Franck-Dernoncourt / NeuroNER

Named-entity recognition using neural networks. Easy-to-use and state-of-the-art results.
http://neuroner.com
MIT License
1.7k stars 475 forks source link

How to approach importing a new dataset to train a NN with custom entities in NeuroNER #19

Open icarusin opened 7 years ago

icarusin commented 7 years ago

Hi Franck,

Thanks for building this abstraction on top of TensorFlow to make it easier to apply NER. Do you have some pointers on how to convert "un-annotated" text with custom annotations existing in a separate file (labels with offsets in to the main file) to CoNLL or BRAT format such that it can be used to train a NN? The entities that I am interested in are not the standard ones but custom to a domain (names of specific models of cars).
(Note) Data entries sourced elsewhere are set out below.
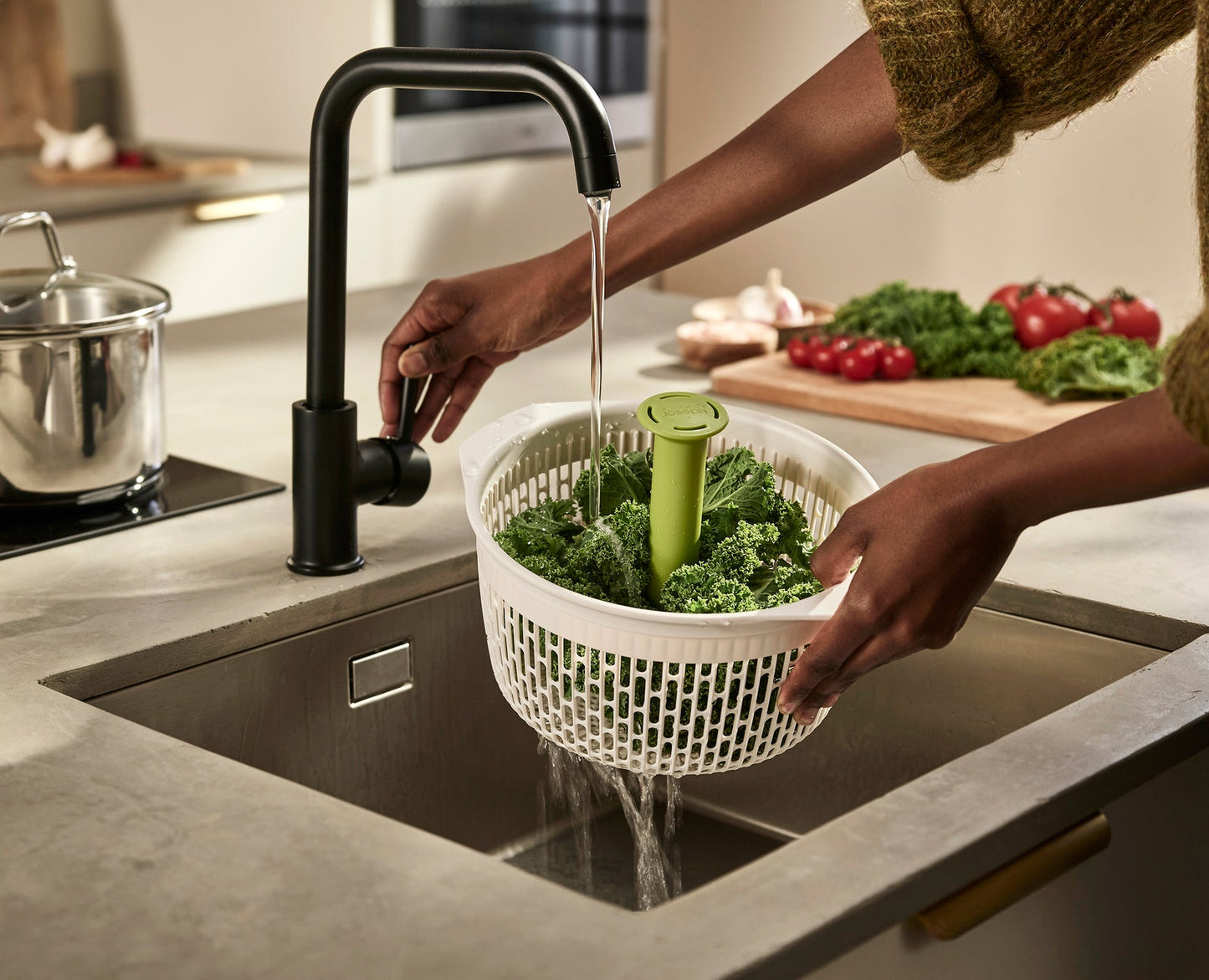 Joseph Joseph Spindola™ Green In-sink Salad-spinning Colander
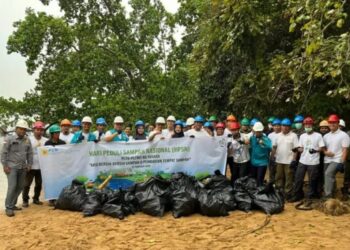 PLN Nusantara Power Gelar Bersih–bersih Pantai di Kabupaten Konawe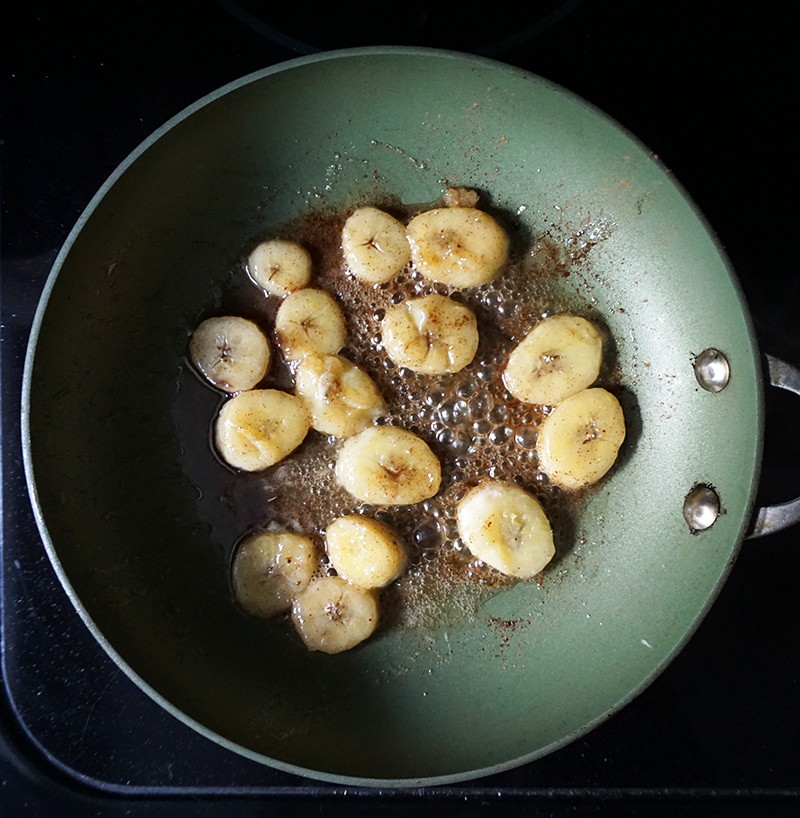 Chai-spiced caramelized bananas recipe on @bijouxandbits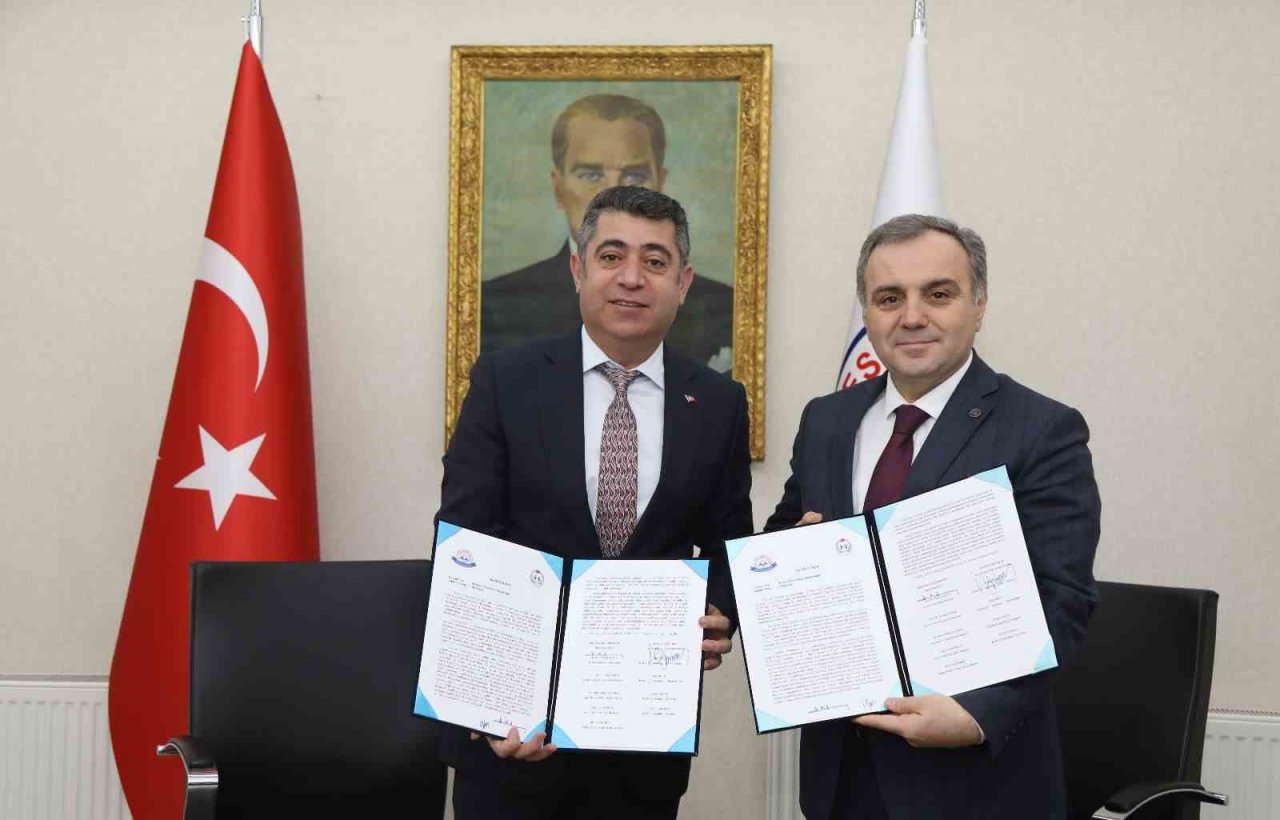 ERÜ ile Koop-İş Sendikası arasında ek protokol imzalandı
Also, the custom annotations that exist in another file donot include any POS or Coreference tags.

I have several thousand of these "un-annotated" text files so a manual annotation process (such as by using BRAT) is not feasible. This is not directly related to the NeuroNER as an issue but your suggestions in what would be the best approach to convert these to a format that could be used to prepare a training dataset for NeuroNER would be very helpful.

Thanks, Ar

heri commented 7 years ago

What about using Amazon Mechanical Turk?

ngarneau commented 7 years ago

@icarusin, starting a NER project without labeled data is a challenging task. When your domain is really specific and contains several uncommon words, random annotators won't get the job done well and you'll lose time and money so, in my opinion, I wouldn't go with Amazon Mechanical Turk.

One thing you could do to reduce your time of annotating documents is trying a bootstrapping approach as the one proposed by Manning & Gupta.

Once you have some "pre-annotations" you can fix them quickly then train a classifier on this small dataset and then iterate over and over and enlarge you annotated corpus. Hope this helps,

Nicolas